*Work instruction*: An exact copy of the data is required, with no pictures in it.

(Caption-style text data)
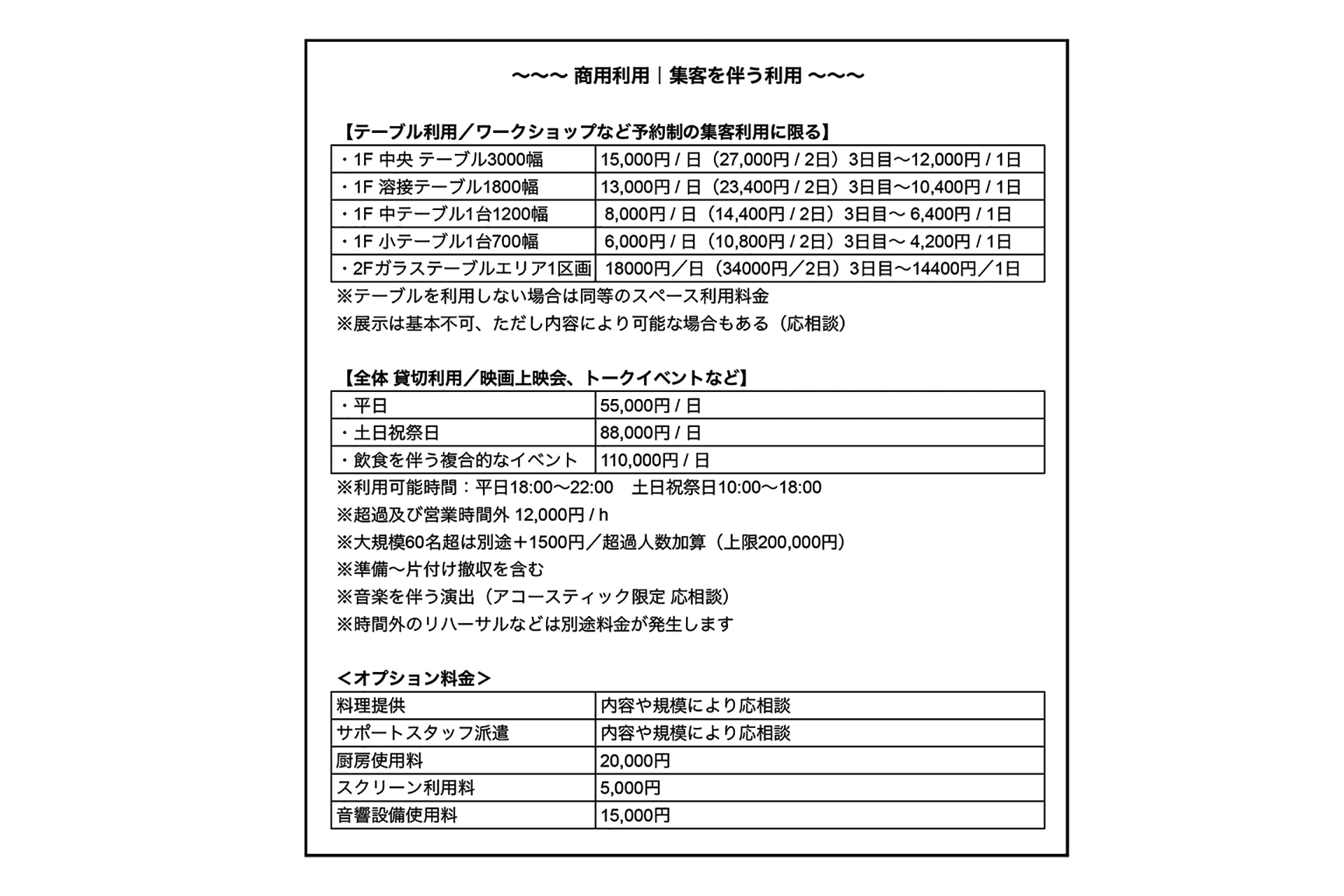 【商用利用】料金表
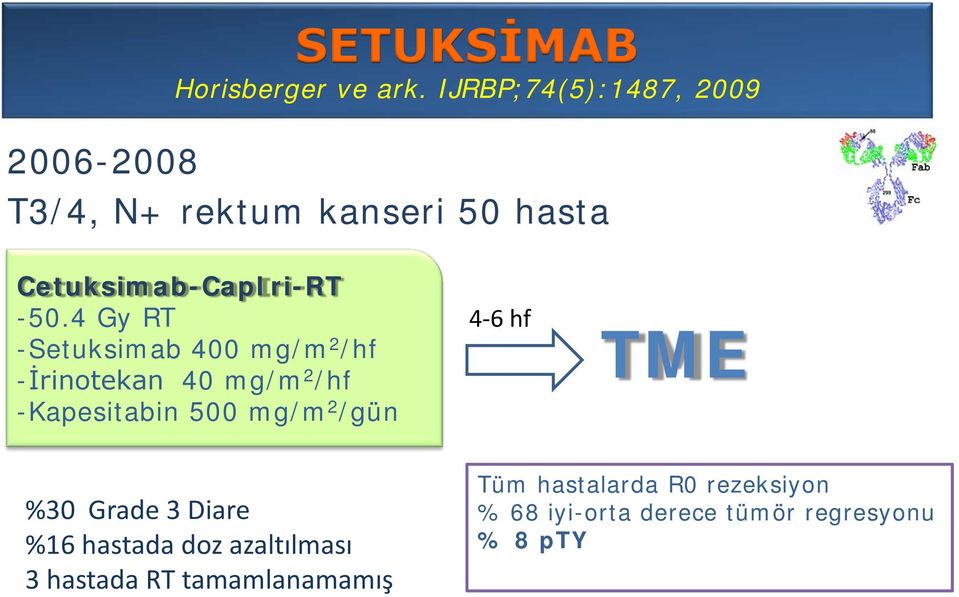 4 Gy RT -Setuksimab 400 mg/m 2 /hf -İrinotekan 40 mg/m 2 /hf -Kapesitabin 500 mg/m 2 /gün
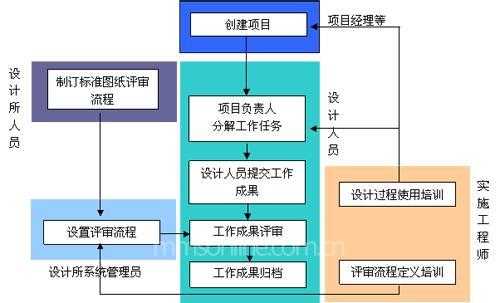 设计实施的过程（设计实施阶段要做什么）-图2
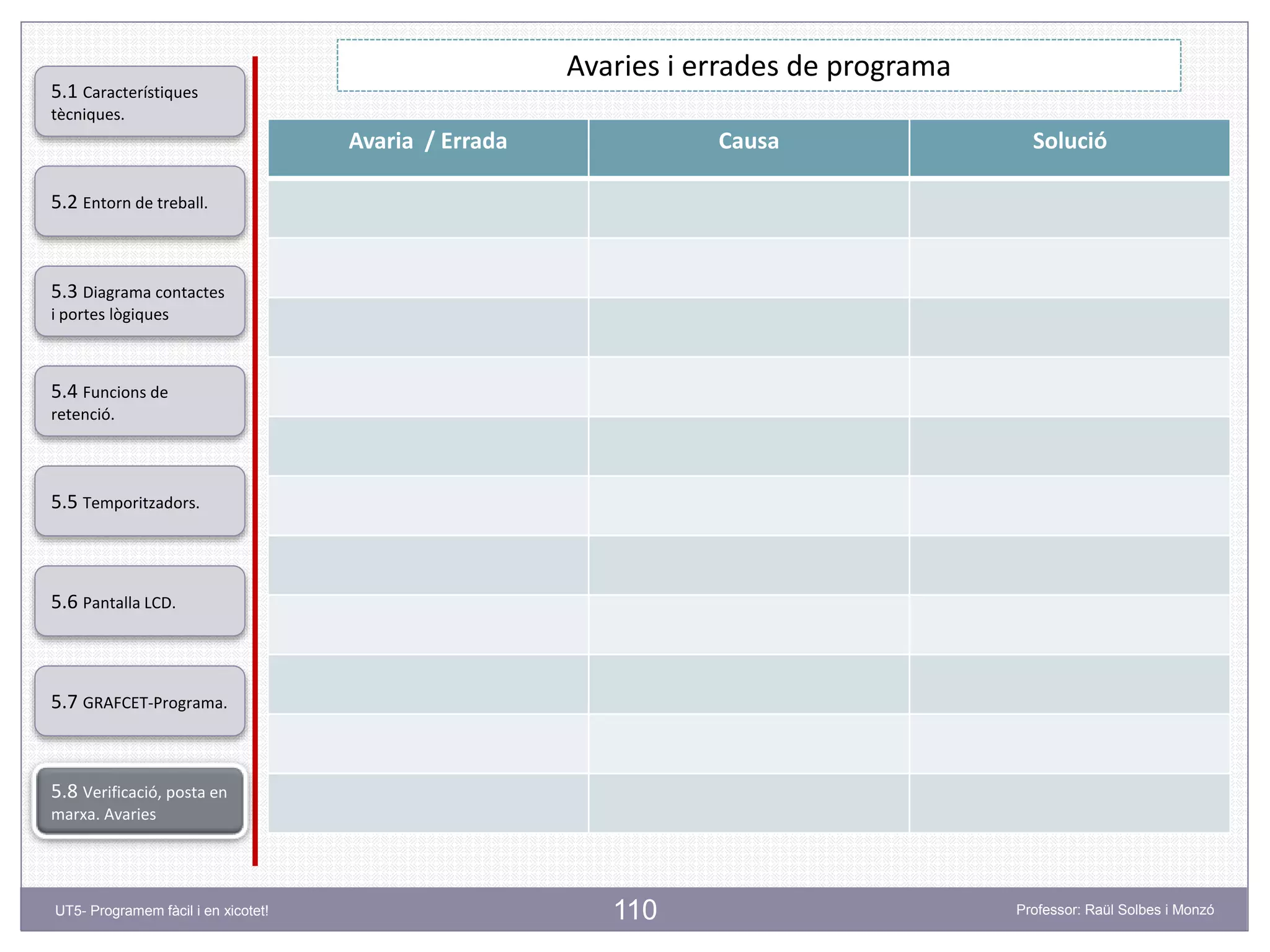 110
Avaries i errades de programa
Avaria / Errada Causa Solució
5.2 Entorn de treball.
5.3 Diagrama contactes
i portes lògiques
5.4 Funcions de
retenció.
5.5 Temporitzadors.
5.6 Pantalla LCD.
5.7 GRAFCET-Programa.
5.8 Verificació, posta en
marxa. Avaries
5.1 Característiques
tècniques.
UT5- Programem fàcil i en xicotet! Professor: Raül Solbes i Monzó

*Solution to this task*:
 【商用利用】料金表
 4 Gy RT -Setuksimab 400 mg/m 2 /hf -İrinotekan 40 mg/m 2 /hf -Kapesitabin 500 mg/m 2 /gün
 设计实施的过程（设计实施阶段要做什么）-图2
 110
Avaries i errades de programa
Avaria / Errada Causa Solució
5.2 Entorn de treball.
5.3 Diagrama contactes
i portes lògiques
5.4 Funcions de
retenció.
5.5 Temporitzadors.
5.6 Pantalla LCD.
5.7 GRAFCET-Programa.
5.8 Verificació, posta en
marxa. Avaries
5.1 Característiques
tècniques.
UT5- Programem fàcil i en xicotet! Professor: Raül Solbes i Monzó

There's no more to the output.